"Speech recognition",
"multi-threading with Kinect",
and "making NtKinect's program as DLL"
are explained in
"NtKinect: How to recognize speech with Kinect V2".,
"NtKinect: How to run Kinect V2 in a multi-thread environment",
"NtKinect: How to make Kinect V2 program as DLL and use it from Unity",
respectively.
In this article, we will explain how to create a DLL file for speech recognition.
It should have the following file structure. There may be some folders and files other than those listed, but ignore them now.

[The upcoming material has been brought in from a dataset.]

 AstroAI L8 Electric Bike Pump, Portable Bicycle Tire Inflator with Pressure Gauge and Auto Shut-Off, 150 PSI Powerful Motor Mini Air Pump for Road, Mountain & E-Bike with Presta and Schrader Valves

NtKinectDll3/NtKinectDll.sln x64/Release/ NtKinectDll/dllmain.cpp NtKiect.h NtKiectDll.h NtKiectDll.cpp stdafx.cpp stdafx.h targetver.h |
Copy KinectAudioStream.cpp , KinectAudioStream.h , and WaveFile.h to the folder where the project source files are located , NtKinectDll3/NtKinectDll/ in this example.
[Notice] KinectAudioStream.cpp is slightly modified to include stdafx.h.The list of the folder is as follows.

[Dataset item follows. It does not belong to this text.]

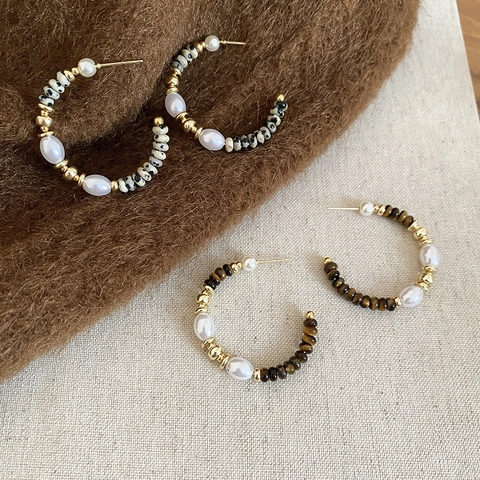 Retro C-Vormige Beaded Hoop Oorbellen Met Tijgeroogsteen Dalmatische Jaspis Kunstparel En 925 Zilveren Oorsteker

NtKinectDll3/NtKinectDll.sln x64/Release/ NtKinectDll/dllmain.cpp NtKiect.h NtKiectDll.h NtKiectDll.cpp stdafx.cpp stdafx.h targetver.h KinectAudioStream.cpp KinectAudioStream.h WaveFile.h |
"Solution Explorer" -> Right-click over the "Source Files" -> "Add" -> "Add existing item" -> select "KinectAudioStream.cpp"
"Solution Explorer"-> Right-click over the "Header File" -> "Add" -> "Add existing item" -> select "KinectAudioStream.h"

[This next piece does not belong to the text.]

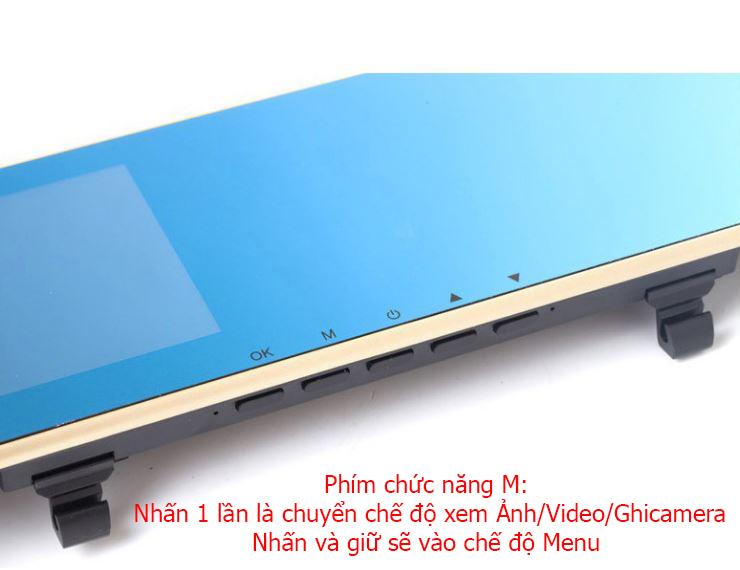 Camera hành trình Full HD 1080, có camera lùi (gắn gương chiếu hậu)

"Solution Explorer" -> Right-click over "header file" -> 「追加」 -> 「既存の項目の追加」 -> WaveFile.h を選択する
Three files have been added to the project. NtKinect.h has been added to the project from the beginning.
"Configuration Properties" -> "VC++ directory" -> "Include directory" -> Add
$(ProgramW6432)\Microsoft SDKs\Speech\V11.0\Includeto the first place.
"Configuration Properties" -> "VC++ directory" -> "Library directory" -> Add
$(ProgramW6432)\Microsoft SDKs\Speech\V11.0\Libto the first place.
"Configuration Properties" -> "Linker" -> "General" -> "Input" -> Add.
sapi.lib
The following two libraries should already be set up, but please confirm.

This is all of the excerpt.